§ **WHAT IS BEING ASKED**: In your answer, set down the records below exactly as they stand, omitting pictures.

Stored data entries
________________
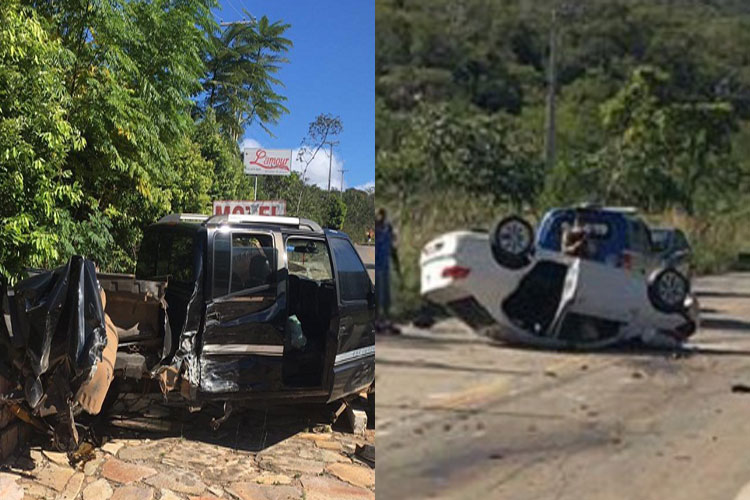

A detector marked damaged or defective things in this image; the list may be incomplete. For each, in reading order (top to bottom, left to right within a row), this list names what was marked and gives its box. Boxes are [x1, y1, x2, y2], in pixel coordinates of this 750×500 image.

wrecked black suv [0, 213, 376, 448]
damaged car door [200, 229, 284, 394]
overturned white car [420, 207, 704, 348]
collision damage [420, 209, 704, 350]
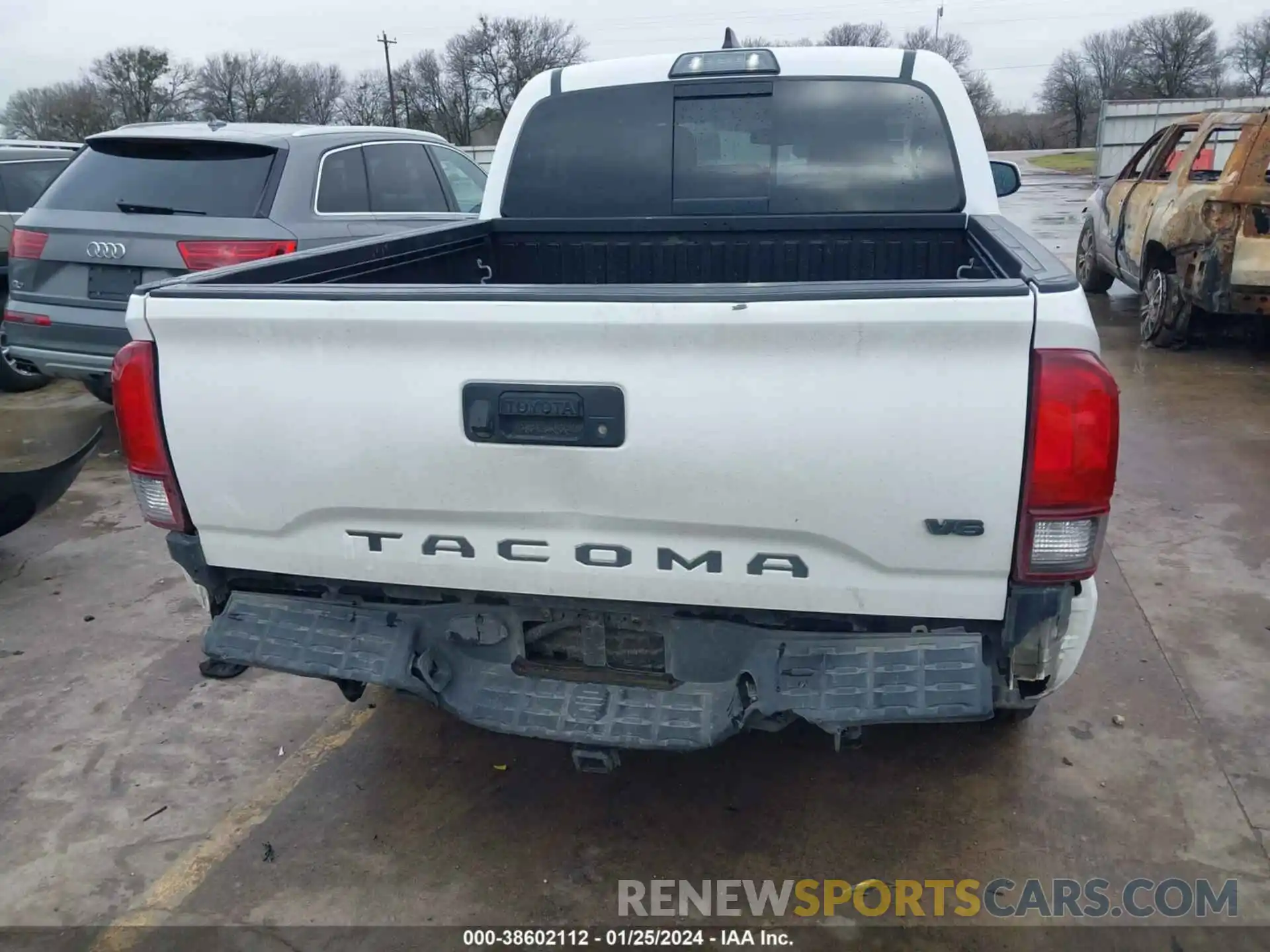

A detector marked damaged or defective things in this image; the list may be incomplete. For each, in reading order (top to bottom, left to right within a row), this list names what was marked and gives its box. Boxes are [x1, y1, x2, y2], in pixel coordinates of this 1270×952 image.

rusted burned suv wheel [1077, 221, 1117, 293]
rusted burned suv wheel [1143, 269, 1189, 350]
burned car [1077, 110, 1270, 348]
damaged rear bumper [208, 594, 995, 751]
________________
§ **EXPECTED ANSWER**:
A detector marked damaged or defective things in this image; the list may be incomplete. For each, in reading order (top to bottom, left to right within a row), this list names what was marked and gives its box. Boxes are [x1, y1, x2, y2], in pixel coordinates of this 750×500 image.

wrecked black suv [0, 213, 376, 448]
damaged car door [200, 229, 284, 394]
overturned white car [420, 207, 704, 348]
collision damage [420, 209, 704, 350]

A detector marked damaged or defective things in this image; the list may be incomplete. For each, in reading order (top to bottom, left to right within a row), this list names what was marked and gives its box. Boxes are [x1, y1, x2, y2], in pixel coordinates of this 1270×952 image.

rusted burned suv wheel [1077, 221, 1117, 293]
rusted burned suv wheel [1143, 269, 1189, 350]
burned car [1077, 110, 1270, 348]
damaged rear bumper [208, 594, 995, 751]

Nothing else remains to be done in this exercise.